Consider this very sophisticated and advanced sorting algorithm for 32 integer numbers :)
#define NUM 32
#define NUMTESTS 65536
__global__ static void bubbleSort(int * input, int *output) {
__shared__ int shared[NUM+1];
shared[NUM]=999999;
const unsigned int tid = threadIdx.x;
for (int test=0; test<NUMTESTS; ++test) {
__syncthreads();
shared[tid] = input[tid];
__threadfence_block();
#pragma unroll 32
for (int i=0; i<32; ++i) {
if ((threadIdx.x&1) == (i&1)) {
if (shared[tid+1]<shared[tid])
swap(shared[tid+1],shared[tid]);
}
__threadfence_block();
}
output[tid] = shared[tid];
}
}
I get the following running time:
Done! GPU execution time: 585.410156 ms
Now consider another code - I simply unroll the for loop manually, 32 times. I am not going to paste the code here for obvious reasons :)

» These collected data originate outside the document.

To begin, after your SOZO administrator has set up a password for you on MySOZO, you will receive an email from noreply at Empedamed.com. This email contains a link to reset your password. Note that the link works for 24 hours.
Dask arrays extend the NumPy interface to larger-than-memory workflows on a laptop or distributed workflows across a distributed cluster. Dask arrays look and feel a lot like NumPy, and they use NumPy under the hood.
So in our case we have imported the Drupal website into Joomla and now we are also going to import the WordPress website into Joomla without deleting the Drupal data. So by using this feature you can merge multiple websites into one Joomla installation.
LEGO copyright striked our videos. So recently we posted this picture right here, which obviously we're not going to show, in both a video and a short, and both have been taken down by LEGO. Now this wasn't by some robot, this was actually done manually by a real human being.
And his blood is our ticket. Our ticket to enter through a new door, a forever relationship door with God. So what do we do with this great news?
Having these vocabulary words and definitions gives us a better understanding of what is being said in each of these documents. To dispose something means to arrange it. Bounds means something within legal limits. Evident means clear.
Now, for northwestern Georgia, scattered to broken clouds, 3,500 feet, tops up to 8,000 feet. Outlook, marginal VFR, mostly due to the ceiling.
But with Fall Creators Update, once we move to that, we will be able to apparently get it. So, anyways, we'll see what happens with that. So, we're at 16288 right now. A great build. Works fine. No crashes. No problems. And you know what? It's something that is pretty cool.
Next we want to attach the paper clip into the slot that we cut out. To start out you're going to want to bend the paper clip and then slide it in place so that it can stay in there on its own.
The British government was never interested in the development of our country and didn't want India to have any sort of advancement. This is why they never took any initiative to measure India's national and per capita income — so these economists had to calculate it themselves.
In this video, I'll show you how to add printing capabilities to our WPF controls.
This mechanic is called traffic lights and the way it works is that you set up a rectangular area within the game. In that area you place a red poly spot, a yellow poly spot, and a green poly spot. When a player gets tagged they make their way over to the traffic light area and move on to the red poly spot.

Done! GPU execution time: 388.730560 ms
So my question is: is #pragma unroll really working?
Some answers you might want to hear:
[*]Times are repetitive. It is not one of those strange nasty execution-time spikes.
[*]I am using nvcc -O2 -arch sm_13 (although programming guide does not state if and when unrolling may not work)
[*]Tested on GTX260, Win XP 32bit, Cuda 2.2
[*]I call it in <<<1,32>>> configuration.
[*]I launch the timer just before kernel call and I do use cudaThreadSynchronize() before stopping it.
[*]Algorithm gives correct results in both cases
[*]Bitonic sort in SDK version is slower for arrays of size 32 (600ms), but if you manually unroll all its for-s and squeeze if-else into if (it can be done), you can actually be faster. (In my case I have it in 306ms)